The logic is intuitive once you see it. If a coin is fair, you won't be surprised to get 3 heads out of 5 flips. That's 60%, not 50%, but it doesn't feel wrong. Flip it 10,000 times and you'll be very surprised if the result isn't between 49% and 51%. Each additional flip has a tiny effect on the running average, nudging it ever closer to the truth. The wild swings that are possible with small samples become mathematically impossible with large ones.
If you read yesterday's entry on the central limit theorem, you might wonder how these two ideas differ. They're close relatives that answer different questions. The central limit theorem describes what happens when you take many separate samples and look at the shape of their averages. It says the shape is a bell curve. The law of large numbers describes what happens within a single sample as it grows. It says the average converges to the truth. One is about the distribution across many samples. The other is about convergence within one.
This distinction shows up in your daily work more than you might think. Every time your team launches a new email template, campaign page, or fundraising appeal, you're watching a single sample grow over time. The law of large numbers is the reason those early numbers bounce around and the later numbers settle down. When your email open rate is 30% after 50 sends and 21% after 2,000 sends, the second number isn't "worse" than the first. It's more honest. Early results rest on too few observations to mean much. The law of large numbers guarantees that patience will reveal the true rate, whatever it turns out to be.
In A/B testing, this is why you need to wait before calling a winner. Your testing platform might show variant B with a 25% conversion rate and variant A at 18% after 40 visitors each. With so little data, those rates haven't settled. Check again after 2,000 visitors per variant and you'll get a far clearer picture. In petition analytics, comparing share rates across petition topics is unreliable when any of the petitions have fewer than a few hundred signers. The standard deviation of a rate shrinks as your sample grows, which is the law of large numbers written into the math. In digital fundraising, if your Monday email to 300 supporters shows a 4.5% conversion rate while Tuesday's email to a different 300 shows 2.1%, that gap could easily be noise. Before concluding that Monday supporters convert better, ask whether 300 observations per group is enough for those rates to have stabilized.

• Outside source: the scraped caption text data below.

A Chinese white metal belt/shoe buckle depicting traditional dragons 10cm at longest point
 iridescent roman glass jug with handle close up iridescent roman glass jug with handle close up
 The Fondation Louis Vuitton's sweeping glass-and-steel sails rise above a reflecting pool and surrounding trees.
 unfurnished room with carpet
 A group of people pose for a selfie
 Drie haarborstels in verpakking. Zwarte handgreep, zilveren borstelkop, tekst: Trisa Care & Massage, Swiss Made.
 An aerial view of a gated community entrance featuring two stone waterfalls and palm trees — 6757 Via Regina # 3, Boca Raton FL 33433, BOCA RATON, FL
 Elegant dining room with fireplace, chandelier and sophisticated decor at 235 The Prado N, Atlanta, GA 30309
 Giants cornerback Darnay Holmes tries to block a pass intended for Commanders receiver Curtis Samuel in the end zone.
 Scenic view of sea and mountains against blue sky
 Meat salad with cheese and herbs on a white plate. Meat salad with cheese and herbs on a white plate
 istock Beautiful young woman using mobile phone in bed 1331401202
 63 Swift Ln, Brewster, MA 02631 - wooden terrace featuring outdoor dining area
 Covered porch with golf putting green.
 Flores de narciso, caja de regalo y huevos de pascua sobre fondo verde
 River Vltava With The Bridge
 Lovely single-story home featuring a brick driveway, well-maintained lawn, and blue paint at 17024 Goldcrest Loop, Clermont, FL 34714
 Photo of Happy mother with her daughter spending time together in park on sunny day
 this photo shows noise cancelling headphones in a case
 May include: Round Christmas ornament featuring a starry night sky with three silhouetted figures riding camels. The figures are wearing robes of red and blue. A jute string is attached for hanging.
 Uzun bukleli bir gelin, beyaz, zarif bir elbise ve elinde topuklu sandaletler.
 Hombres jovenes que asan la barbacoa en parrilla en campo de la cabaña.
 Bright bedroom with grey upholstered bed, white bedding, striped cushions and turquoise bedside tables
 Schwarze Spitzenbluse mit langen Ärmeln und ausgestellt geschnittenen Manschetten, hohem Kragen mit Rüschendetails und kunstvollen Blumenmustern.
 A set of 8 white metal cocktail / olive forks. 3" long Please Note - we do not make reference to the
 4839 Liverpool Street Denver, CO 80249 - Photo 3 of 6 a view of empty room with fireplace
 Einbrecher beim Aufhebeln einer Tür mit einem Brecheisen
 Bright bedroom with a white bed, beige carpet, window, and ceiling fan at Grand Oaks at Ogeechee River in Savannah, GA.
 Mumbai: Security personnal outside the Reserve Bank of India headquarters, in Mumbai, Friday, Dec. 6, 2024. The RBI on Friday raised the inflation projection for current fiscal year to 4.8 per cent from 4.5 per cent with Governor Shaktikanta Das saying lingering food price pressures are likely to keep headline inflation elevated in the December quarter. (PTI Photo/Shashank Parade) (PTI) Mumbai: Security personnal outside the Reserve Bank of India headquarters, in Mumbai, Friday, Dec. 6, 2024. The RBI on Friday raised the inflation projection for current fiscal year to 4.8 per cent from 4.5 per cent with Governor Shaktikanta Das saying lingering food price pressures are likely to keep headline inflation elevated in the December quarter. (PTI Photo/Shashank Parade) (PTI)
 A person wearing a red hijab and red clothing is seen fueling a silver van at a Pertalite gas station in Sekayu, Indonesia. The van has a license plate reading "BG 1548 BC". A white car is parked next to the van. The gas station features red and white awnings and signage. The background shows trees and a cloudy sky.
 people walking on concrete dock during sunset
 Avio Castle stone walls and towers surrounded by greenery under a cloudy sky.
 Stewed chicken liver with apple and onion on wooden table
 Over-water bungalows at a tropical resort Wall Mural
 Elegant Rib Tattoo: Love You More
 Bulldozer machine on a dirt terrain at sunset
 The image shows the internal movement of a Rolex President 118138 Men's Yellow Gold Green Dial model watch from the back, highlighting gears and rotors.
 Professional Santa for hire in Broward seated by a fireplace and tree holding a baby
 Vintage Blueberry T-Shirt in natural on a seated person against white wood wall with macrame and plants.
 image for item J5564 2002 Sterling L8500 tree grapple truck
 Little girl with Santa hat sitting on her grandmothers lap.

The law of large numbers is a guarantee: collect enough data and the truth emerges. The practical question is always whether you've collected enough.
See It
Click "Send 10" or "Send 100" to simulate emails and watch the running open rate converge. Click "New Run" to start another trace and see how different runs all find the same truth.
Reflect
Think about the last time your team reacted to campaign results within the first day or two of a launch. How many observations did you have? If you had waited for ten times as many, would the conclusion have changed?
When you compare performance across campaigns or channels, are you comparing metrics that have had enough data to stabilize, or are some of those numbers still bouncing around on small samples?